Köyde nasıl gidecekler ki KPSS kurslarına... Kendi başlarına çalışmakla mümkün mü yüksekten uçan puanları tutturmak! Öyleyse öl, öyle mi? Olmaz, böyle bir eğitim sistemi olmaz, olursa da bir ülke aynen bugünkü Türkiye gibi olur!

Peki yeniden köye mahkum ettiğimiz bu gençliğimizi nasıl kurtaracağız! Aklınıza gelen tek çare, kentlerdeki yakınlarının yanına gitmeleri değil mi? Ama ya o imkanları da yoksa! İşte o zaman o beldenin, o kasabanın, o kentin yöneticilerine yani belediye başkanlarına görev düşüyor.

Bir bir o genç filizlerin elinden tutmak. Kimler mi tutacak bu eli, elbetteki Valilerimiz, Kaymakamlarımız, Belediye Başkanlarımız...

Bakın, geleceğimizin teminatı olan ve köye mahkum ettiğimiz üniversite mezunu gençlerimiz ne diyor:

“-Hiç olmazsa KPSS kurslarına katılmak için bize geçici de olsa iş verin. Ya da barınma imkanı sağlayın. Çünkü köyümüzde KPSS  kurslarına gitme imkanımız yok. Sınava kentlerdeki arkadaşlarımızla eşit şartlarda hazırlanma şansımız hiç yok. Ne olur bizleri fikri hür, vicdanı hür, irfanı hür, ama cebi prangalı bırakmayınız!”

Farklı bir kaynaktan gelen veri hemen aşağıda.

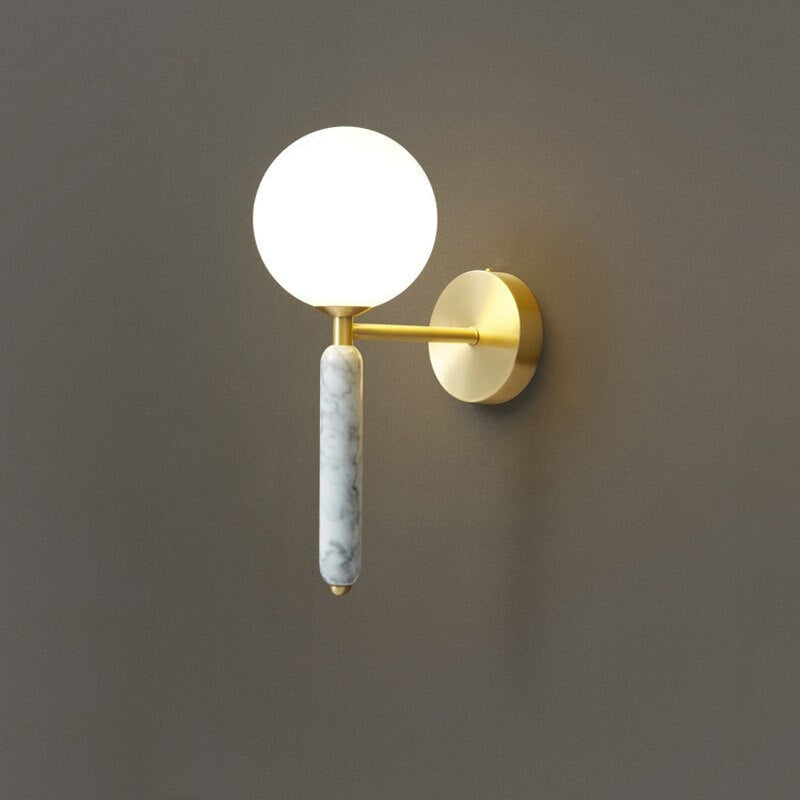Green Italian Marble Bedside Sconce Light Living Room Corridor | Decorative Wall Sconces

Bir genç kardeşimden, Zümrüt Kızımdan gelen feryat, beni bu yazıyı yazmaya mecbur etti. Evet, bu yazıyı o pırıl pırıl kızımıza ithaf ediyor, tüm valilerimizi, kaymakamlarımızı ve belediye başkanlarımızı harekete geçmeye davet ediyorum. Elbette ki çağrımdaki önceliğim de Malatya"nın yönetiminde söz sahibi olanlara!

Evet, Mustafa Kemal Atatürk"ün “iftihar” ettiği ve “güven” duyduğu gençliğimiz maalesef bu kadar acı durumda. Bakın Yüce Atatürk, bizlere ne öğütlüyor:

“-Gençliği yetiştiriniz. Onlara ilim ve irfanın (kültürün) müspet fikirlerini veriniz. İstikbalin aydınlığına onlarla kavuşacaksınız. Hür fikirler tatbik (uygulama) mevkiine konduğu vakit Türk milleti yükselecektir.”

Gelin, geleceğimize silgi çekmeyelim, Zümrütlere kendi elimizle kıymayalım!